A while back, I wrote about a project I did. It was an NLP classification project where I attempted to classify reviews (or general internet comments) about video games as either positive or negative. I wrote another post about gathering the data I needed to train and test these models.
I am here now to say that I messed up. When I gathered this data. I did it wrong.
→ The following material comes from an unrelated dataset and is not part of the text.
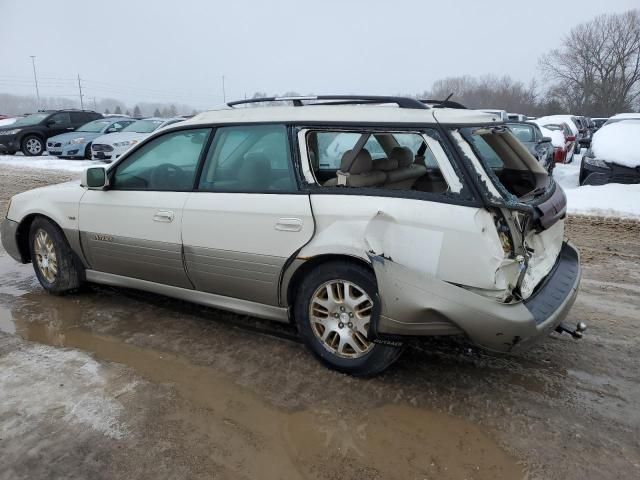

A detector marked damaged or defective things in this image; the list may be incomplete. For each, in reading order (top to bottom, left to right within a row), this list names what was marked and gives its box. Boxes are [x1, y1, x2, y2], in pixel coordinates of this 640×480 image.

damaged station wagon [0, 96, 584, 376]
crumpled rear bumper [370, 242, 580, 350]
Oh I got real reviews, actual user-submitted labeled data, but the reviews I got weren’t ones I should have used in my project.
If you look at the “Getting more app ids” section of that post about gathering reviews, you might see my problem. That code I put in there was the actual code I used on my project.
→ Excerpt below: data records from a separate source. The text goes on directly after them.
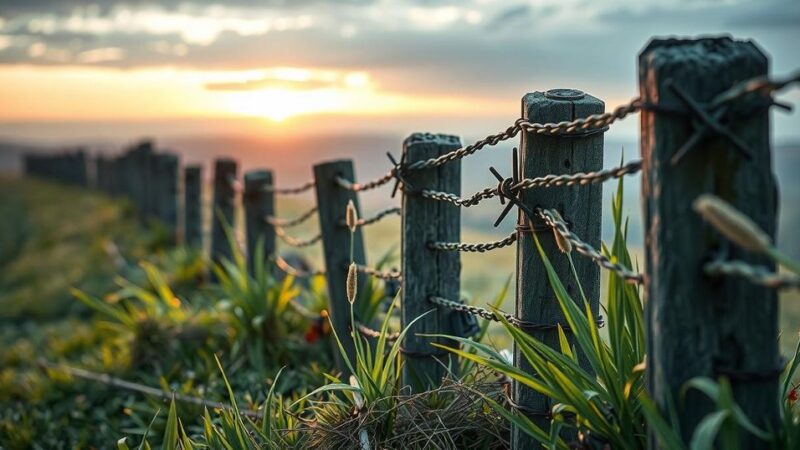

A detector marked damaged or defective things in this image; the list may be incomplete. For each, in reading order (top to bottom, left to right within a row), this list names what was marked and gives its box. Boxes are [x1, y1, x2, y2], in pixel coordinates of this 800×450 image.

rusty wire [410, 97, 640, 171]
rusty wire [268, 207, 320, 229]
rusty wire [276, 227, 322, 248]
rusty wire [428, 232, 516, 253]
rusty wire [536, 208, 644, 284]
rusty wire [704, 260, 796, 292]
The app ids I gathered were from the ‘topsellers’ section of Steam. These are chosen by recency, popularity. I chose this because I didn’t see another way to get a ton of app ids, and I didn’t see how it might cause problems.
Of course it caused problems! I only gathered data on popular games! Games that are way more likely to get good reviews. Games that review readers are likely to be somewhat familiar with already. Games from known studios or series.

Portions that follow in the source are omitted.